PROBLEM DETAILS:
Write out the entries below exactly, but only from the line containing "Berdsen infraröd värmare" through the line containing "幾何学的な壁紙 muted teal pixel waves - TENSTICKERS", and without the pictures.

RECORDS SUPPLIED:
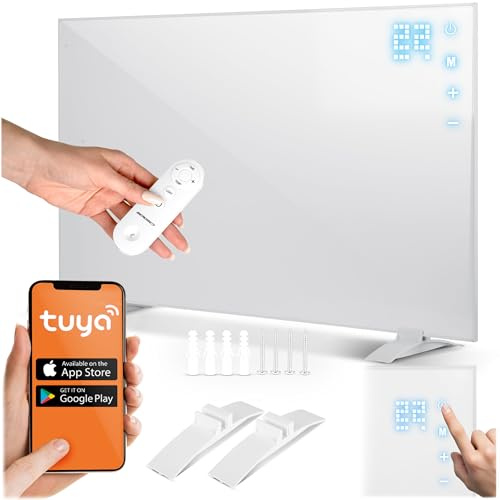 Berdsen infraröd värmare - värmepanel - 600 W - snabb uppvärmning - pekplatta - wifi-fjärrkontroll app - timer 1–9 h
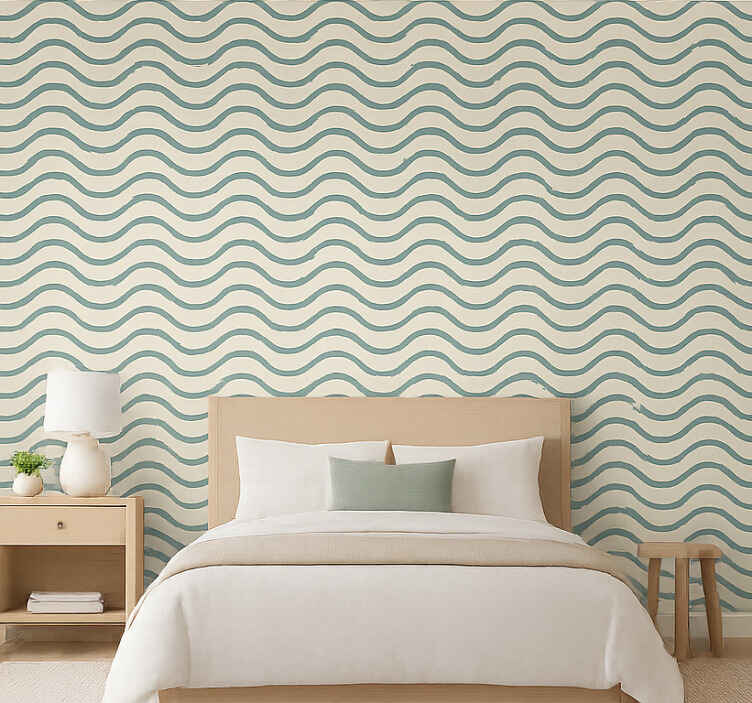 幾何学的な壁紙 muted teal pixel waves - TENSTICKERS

* * *

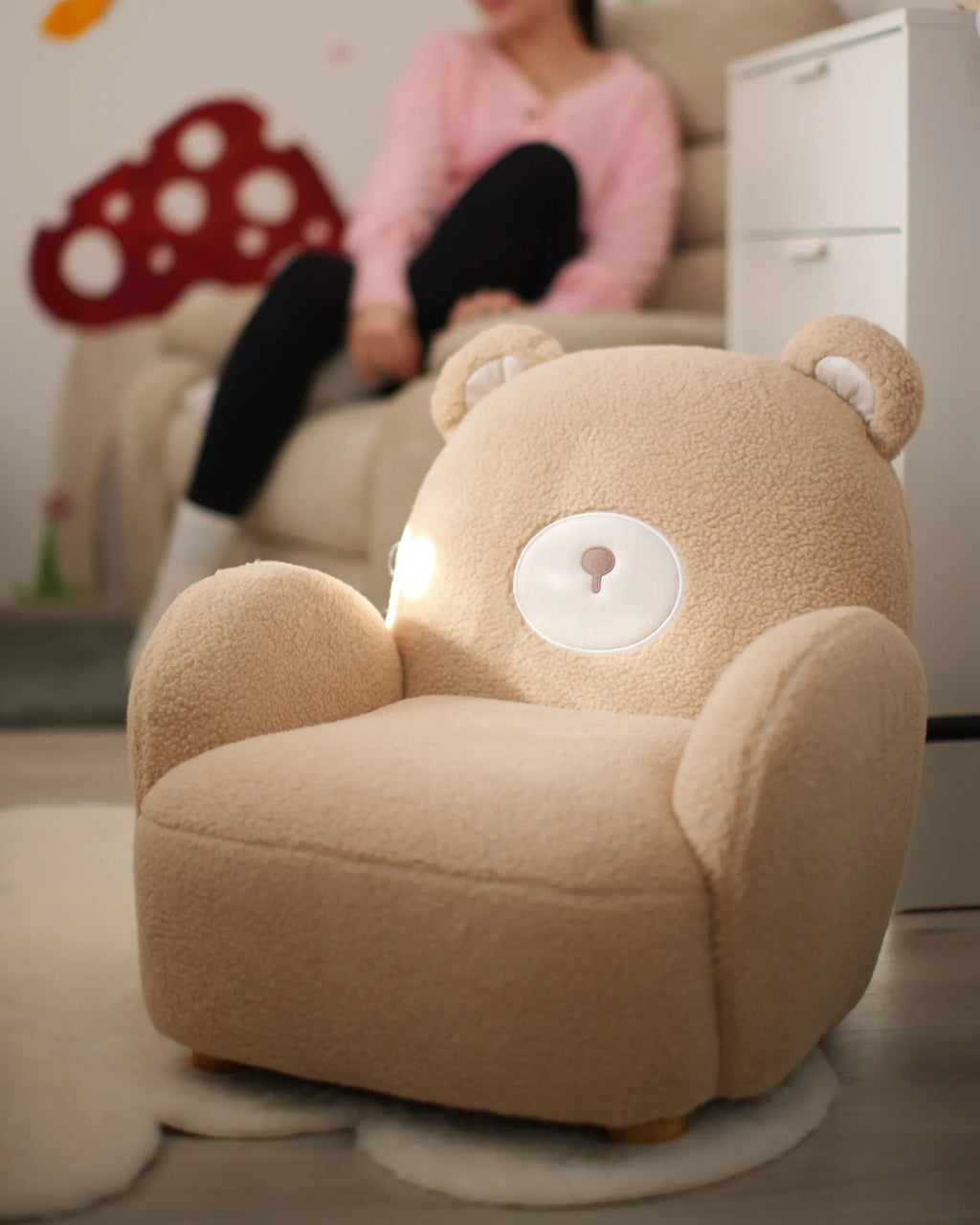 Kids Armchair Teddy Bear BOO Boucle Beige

--

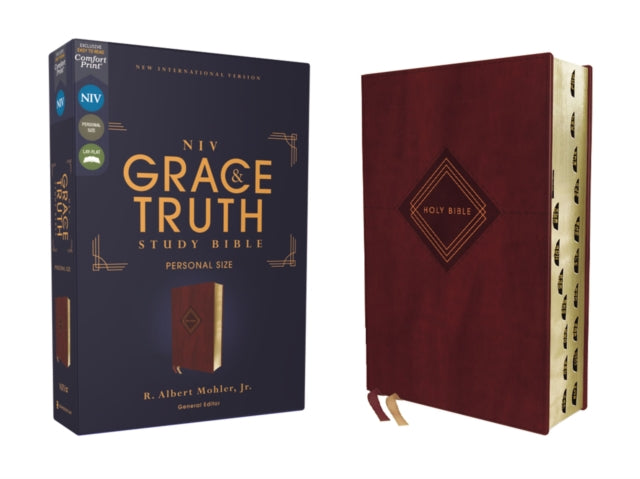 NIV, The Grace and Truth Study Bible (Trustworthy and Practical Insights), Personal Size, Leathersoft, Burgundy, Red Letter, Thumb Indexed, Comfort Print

EXERCISE SOLUTION:
 Berdsen infraröd värmare - värmepanel - 600 W - snabb uppvärmning - pekplatta - wifi-fjärrkontroll app - timer 1–9 h
 幾何学的な壁紙 muted teal pixel waves - TENSTICKERS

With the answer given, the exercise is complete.